* **Exercise requirements**: Restate, exactly as written, the entries below from the line that holds "Peluk Hangat di Rumah Harapan" through the line that holds "Hj. Erlita Amsakar". Pictures are not part of the copy.

* **Source material**:

▼

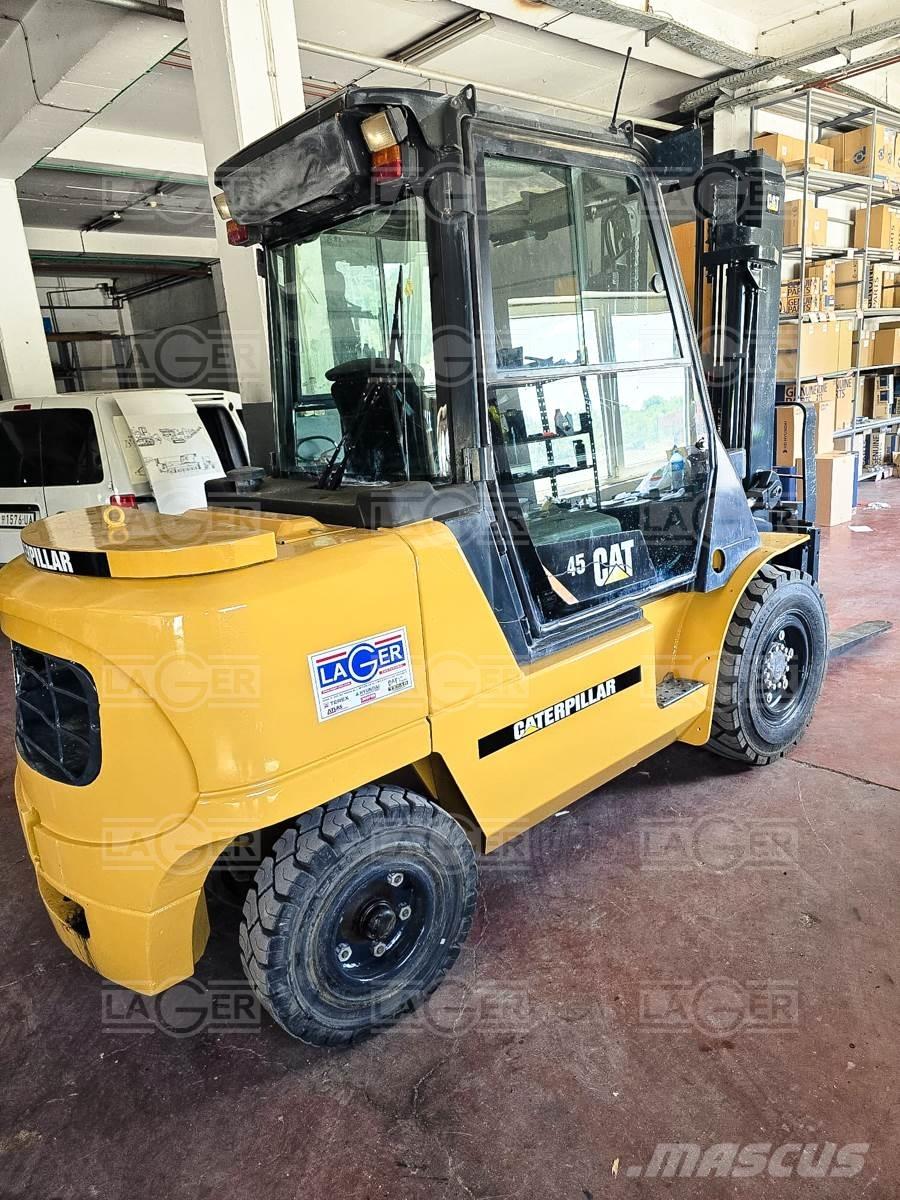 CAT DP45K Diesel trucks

▲
▼

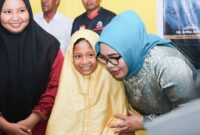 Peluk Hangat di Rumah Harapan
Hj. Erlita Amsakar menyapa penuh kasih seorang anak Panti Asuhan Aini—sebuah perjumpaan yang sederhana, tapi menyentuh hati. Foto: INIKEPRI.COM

▲

* **Exercise result**:
 Peluk Hangat di Rumah Harapan
Hj. Erlita Amsakar menyapa penuh kasih seorang anak Panti Asuhan Aini—sebuah perjumpaan yang sederhana, tapi menyentuh hati. Foto: INIKEPRI.COM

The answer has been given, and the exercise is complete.